Cet ancien pâtissier du palace parisien Georges V et du chocolatier de luxe Pierre Hermé a inventé un concept à mi-chemin entre les boulangeries indépendantes artisanales et les enseignes agro-alimentaires du type de La Croissanterie à l’échelle de l’Hexagone et de Patapain dans le Centre-Val de Loire.

« Le pain est pétri, façonné et cuit sur place dans chacun de nos magasinsassure ainsi Jean-François Feuillette. Ce travail artisanal nous permet de proposer un bon rapport qualité-prix pour nos produits. »

Le décor feutré et chaleureux des boulangeries, comparable aux salons de thé, constitue l’autre atout mis en avant par le dirigeant. Il tranche avec le choix des emplacements de Feuillette, situés majoritairement dans les zones commerciales en périphérie des villes moyennes.

Employant aujourd’hui 1.600 salariés, le groupe se situe au troisième rang en France derrière les enseignes spécialisées Marie Blachère et Ange, respectivement désignées à Châteaurenard dans le Vaucluse, et à Nantes en Loire-Atlantique.

Résilience énergétique

Comme ses concurrents, l’entreprise du Loir-et-Cher se heurte à une problématique de taille : la hausse vertigineuse des matières premières qui impacte particulièrement le secteur de la boulangerie. Le prix de la farine et du chocolat a notamment grimpé de 30 % au cours des six derniers mois de 2022. L’augmentation des coûts de l’électricité touche aussi au premier chef cette activité énergivore.

« Nous avions anticipé en 2021 ce contexte négatif en renégociant nos contrats en montant avec nos fournisseurs principaux, notamment Engiese félicite Jean-François Feuillette. Par conséquent, nous avons réussi à minorer cette hausse, même si la marge du groupe a baissé de 15 % environ en 2022. »

Du côté des clients, le groupe assure qu’il n’a répercuté cette augmentation que de façon marginale. Le prix des produits aurait crû de seulement 3% selon Jean-François Feuillette.

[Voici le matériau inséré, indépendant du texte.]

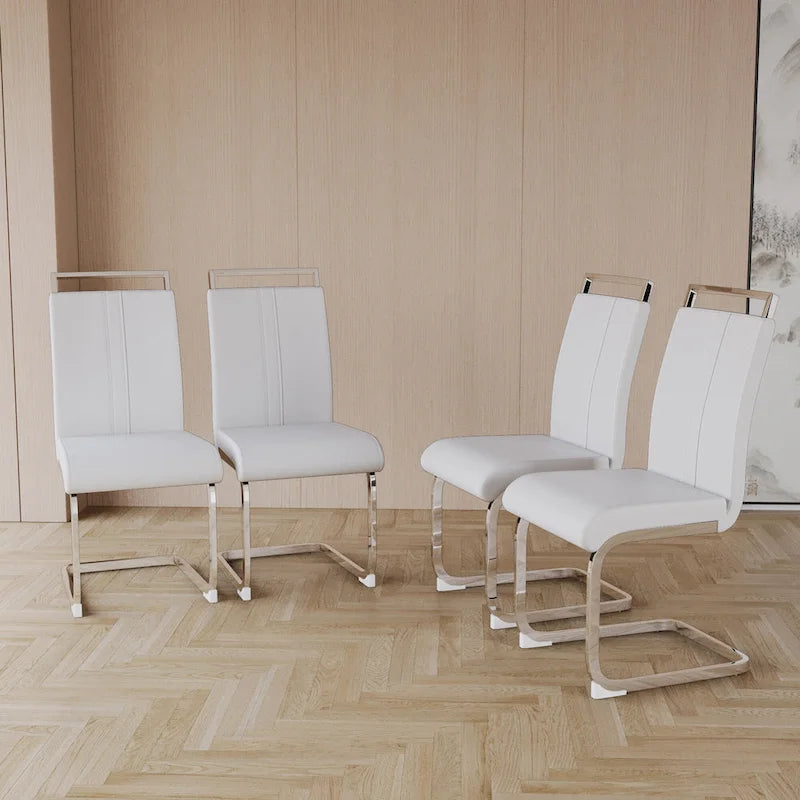 PU Leather High Back Upholstered Dining Chair w/ Metal Legs(Set of 4)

Nouvelle chaîne de restauration d’ici 2025

Pour soutenir malgré tout sa croissance, le groupe de boulangerie a commencé à se diversifier dans la restauration. Feuillette, qui propose déjà des espaces de snacking dans chacun de ses magasins, ouvre un restaurant au cours de l’été 2023 en périphérie de Blois.

Si le nom de l’enseigne reste à l’étude, l’établissement d’une surface de 500 m2 propose une cuisine populaire de qualité bon marché.

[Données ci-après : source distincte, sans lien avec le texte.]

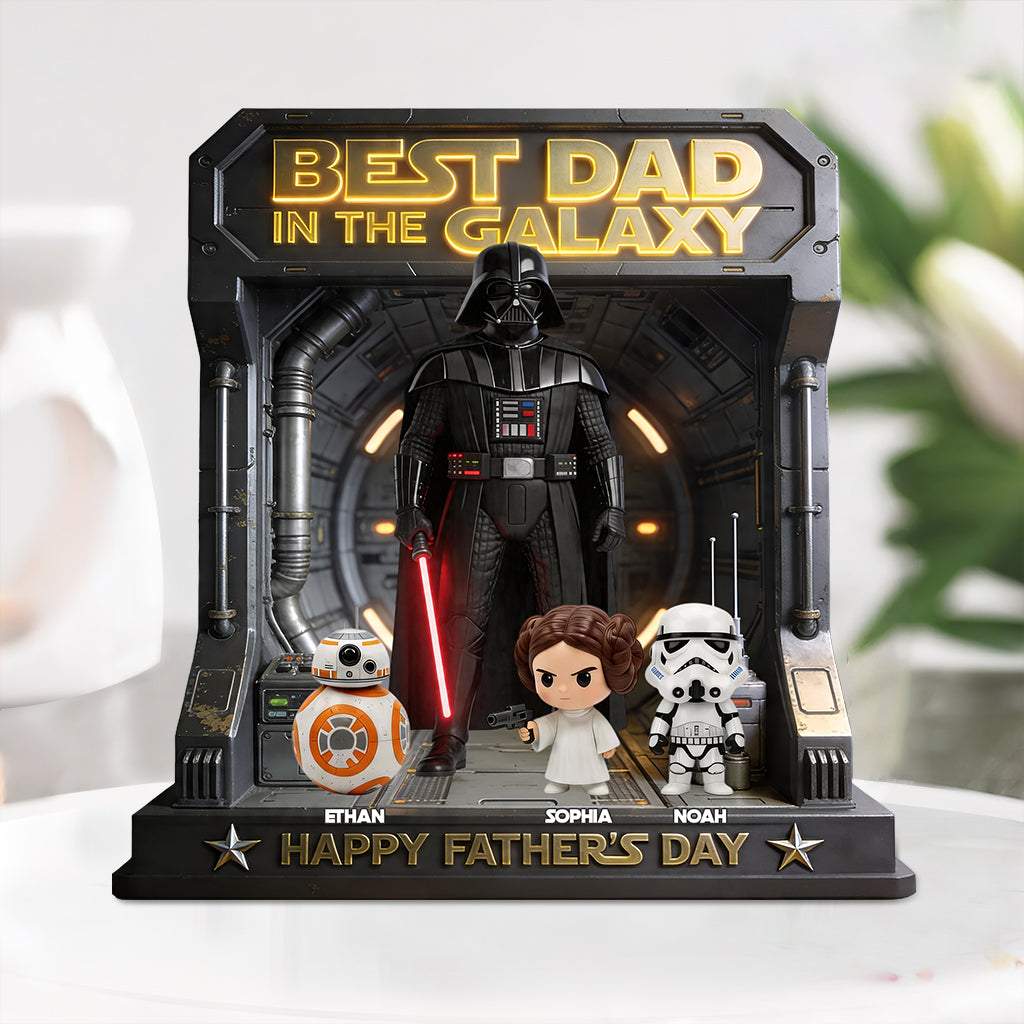 Best Dad In The Galaxy - Personalized The Force Custom Shaped Acrylic Plaque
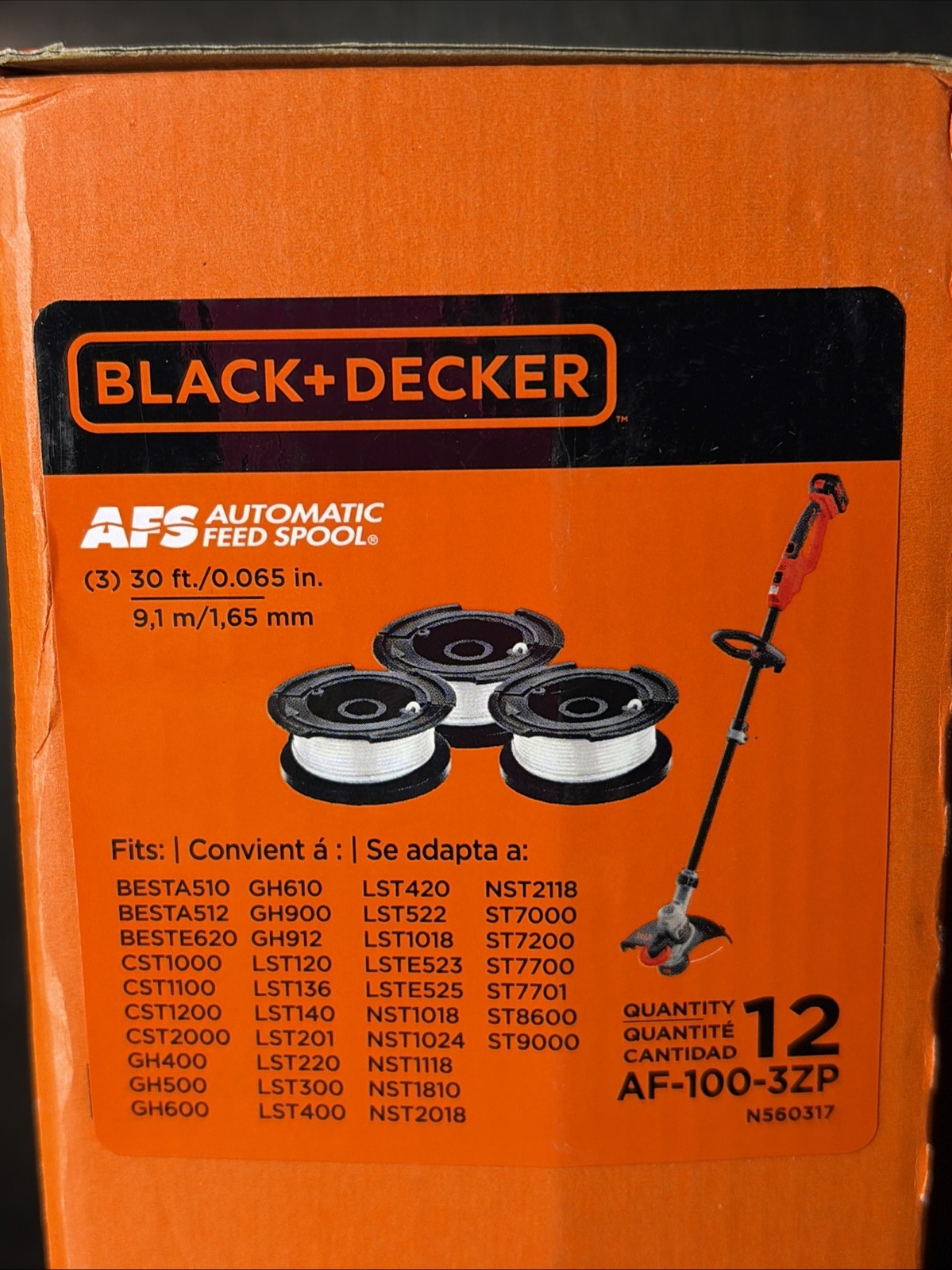 Black & Decker 12 Pack Of Genuine OEM Spools For AFS String Trimmers AF-100-3ZP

Selon les résultats de ce premier lancement, Feuillette envisage à terme de créer une chaîne de restaurants mixant, comme les boulangeries, des établissements détenus en propre et d’autres sous forme de franchise.

Pour appuyer concrètement son nouveau tournant en direction de la restauration classique, le groupe blésois a acquis récemment l’établissement Frédélian au cap Ferret près d’Arcachon. À l’échelle de l’Hexagone, cette adresse renommée, fondée en 1939, représente désormais la vitrine de la succès de Feuillette.